From the past to the future: Cognitive Sciences in Vienna

Cognitive Sciences comprise research in various disciplines, such as Biology, Psychology, Neurosciences, Philosophy, Linguistics, Computer Science, Anthropology and more recently also Art history and Musicology.
The University of Vienna, being Austria’s oldest and most distinguished academic institution, hosts all these disciplines; due to this diversity it has a comprehensive historical background in areas at the heart of Cognitive Sciences.
Historical Roots

At the end of the 19th century the University of Vienna was a central cradle for innovative developments intertwining philosophy, several other humanities subjects and psychology: art history with Franz Wickhoff (1853-1909) and Alois Riegl (1858-1905), musicology with Guido Adler (1855-1941), and philosophy of mind with Ernst Mach, Franz Brentano (1838-1917) and Alexius Meinong (1853-1920). These areas were established in Vienna as academic disciplines often through empirically-based modes of inquiry.

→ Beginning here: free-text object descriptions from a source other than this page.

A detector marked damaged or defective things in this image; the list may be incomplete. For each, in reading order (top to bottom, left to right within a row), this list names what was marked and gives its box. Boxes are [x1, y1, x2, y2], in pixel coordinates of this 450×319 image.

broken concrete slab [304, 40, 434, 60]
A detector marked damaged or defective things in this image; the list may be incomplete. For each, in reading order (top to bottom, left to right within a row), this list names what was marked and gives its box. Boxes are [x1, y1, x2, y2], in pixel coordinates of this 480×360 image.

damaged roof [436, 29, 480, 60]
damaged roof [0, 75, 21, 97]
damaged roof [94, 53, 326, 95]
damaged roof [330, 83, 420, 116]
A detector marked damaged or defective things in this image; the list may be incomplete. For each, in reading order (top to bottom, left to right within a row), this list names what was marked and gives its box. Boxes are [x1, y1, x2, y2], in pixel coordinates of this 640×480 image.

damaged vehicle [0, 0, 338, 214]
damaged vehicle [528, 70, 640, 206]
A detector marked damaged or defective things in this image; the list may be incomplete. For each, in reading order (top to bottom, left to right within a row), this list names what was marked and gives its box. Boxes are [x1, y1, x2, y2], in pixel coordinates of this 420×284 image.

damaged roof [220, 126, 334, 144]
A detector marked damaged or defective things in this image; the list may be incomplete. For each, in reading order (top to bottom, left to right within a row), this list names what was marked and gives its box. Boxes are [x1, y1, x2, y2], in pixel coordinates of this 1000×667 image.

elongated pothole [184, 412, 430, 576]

The Gestalt-theory was just one of the results of this kind of fertile interdisciplinary discussion, but other examples include the work of Karl Popper (1902-1994) who fostered interdisciplinary thinking in the realm of Cognitive Sciences and Konrad Lorenz (1903-1989) who laid the ground for comparative biology.
As a historical starting point in developing a future profile in Cognitive Sciences, the platform explicitly acknowledges three prominent researchers with strong association to Vienna during the 20th century: Ernst Gombrich (1909-2001), Konrad Lorenz (1903-1989) and Karl Bühler (1879-1963).

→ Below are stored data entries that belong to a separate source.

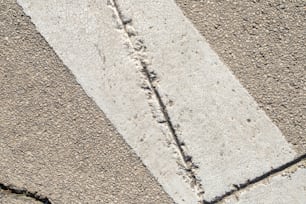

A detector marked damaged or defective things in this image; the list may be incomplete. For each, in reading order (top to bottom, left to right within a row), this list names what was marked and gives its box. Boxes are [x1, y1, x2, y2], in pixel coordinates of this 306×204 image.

cracked asphalt [0, 0, 172, 203]
cracked asphalt [175, 0, 306, 153]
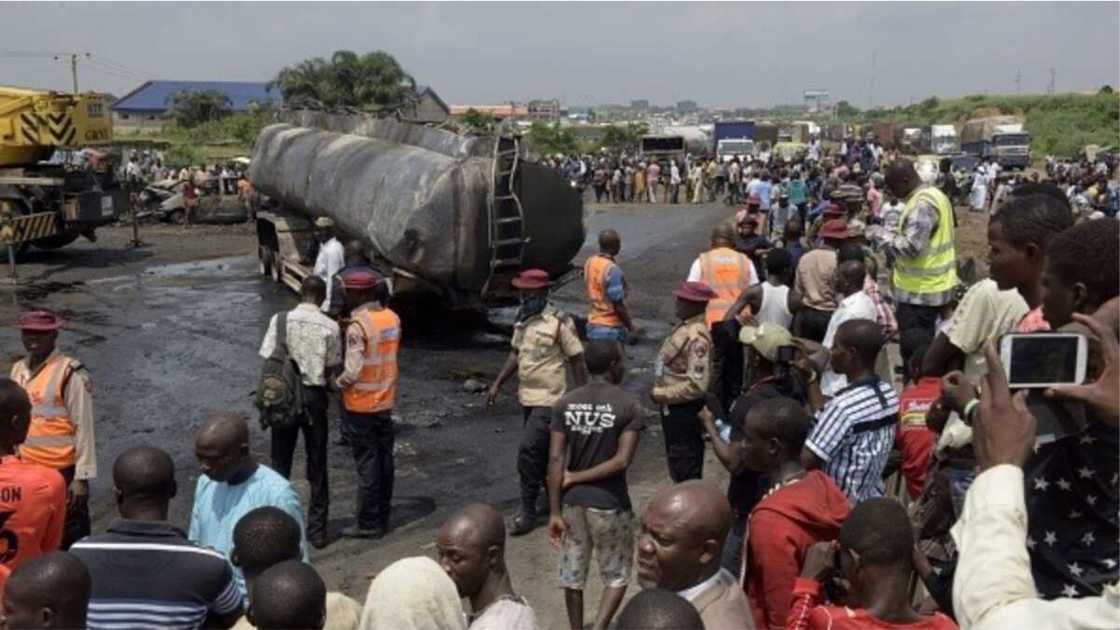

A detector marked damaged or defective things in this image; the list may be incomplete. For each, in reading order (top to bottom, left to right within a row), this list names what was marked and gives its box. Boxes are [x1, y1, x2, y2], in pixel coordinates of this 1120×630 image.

overturned tanker truck [249, 113, 582, 311]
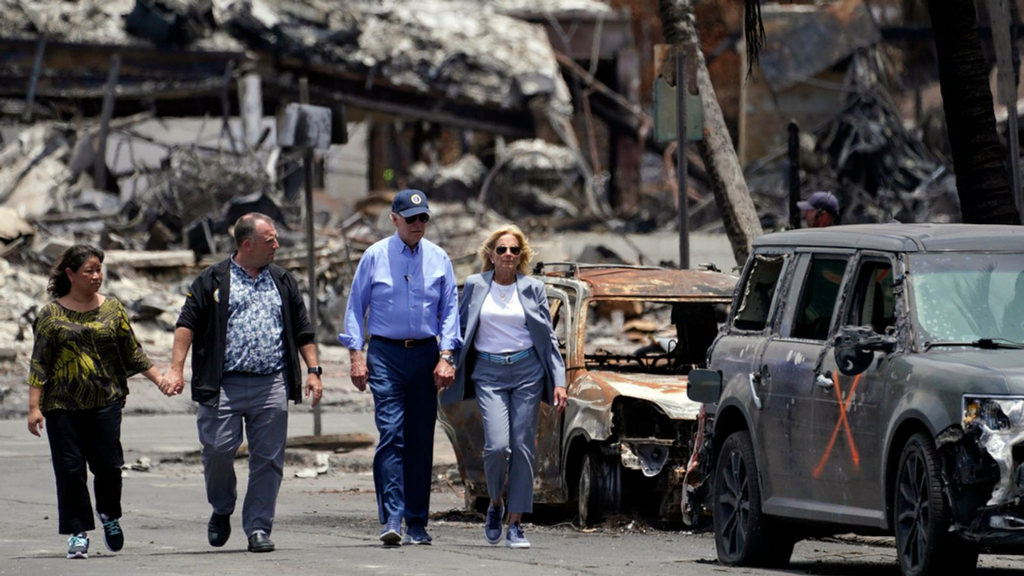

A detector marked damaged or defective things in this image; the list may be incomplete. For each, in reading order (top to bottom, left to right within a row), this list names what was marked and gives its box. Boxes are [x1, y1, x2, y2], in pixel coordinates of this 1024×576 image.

burned car [440, 262, 737, 522]
burned suv [440, 262, 737, 522]
rusted car frame [440, 262, 737, 522]
burned tire rim [716, 444, 749, 557]
burned suv [684, 223, 1024, 573]
burned car [684, 223, 1024, 573]
broken windshield [917, 252, 1024, 344]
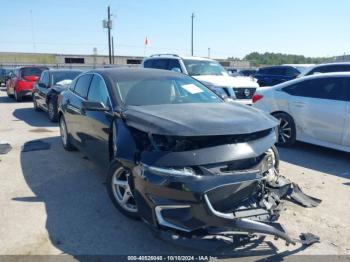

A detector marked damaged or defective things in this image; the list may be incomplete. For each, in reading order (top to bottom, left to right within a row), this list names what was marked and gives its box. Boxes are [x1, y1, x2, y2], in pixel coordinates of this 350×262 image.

crumpled hood [123, 102, 278, 136]
damaged front end [113, 115, 322, 250]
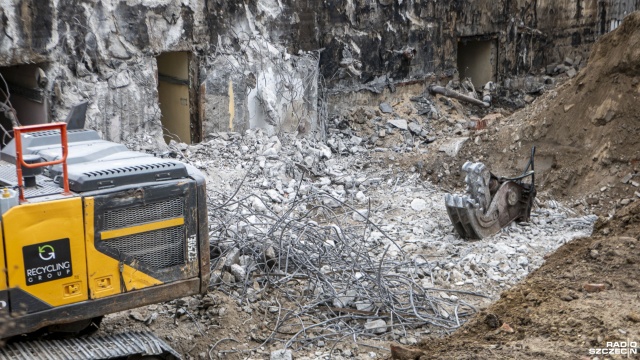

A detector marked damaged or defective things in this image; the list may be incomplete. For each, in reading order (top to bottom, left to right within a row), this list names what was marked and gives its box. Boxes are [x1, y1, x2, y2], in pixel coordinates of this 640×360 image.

damaged concrete wall [0, 0, 636, 146]
cracked wall surface [1, 0, 636, 146]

They serve as role models for the interdisciplinary study of the three year program. However, though bound to these historical roots, the program is based on the state-of-the-art research and the strengths which are present in the diversity of methods and approaches in existing collaborations.
Cognitive Sciences today

Today, the Cognitive Sciences represent one strong field of research at the University of Vienna with a strong emphasis on empirical, mostly experimental, as well as epistemological research.
Research groups active in Cognitive Sciences at Vienna comprise specializations in vision (biology, cognitive psychology), in comparative studies and evolution (cognitive biopsychology; cognitive linguistics), social context (cognitive biology, neuropsychology, art history), visual communication (cognitive psychology, art history, philosophy) language (cognitive linguistics) and knowledge studies/technologies and innovation (philosophy, linguistics, cognitive psychology).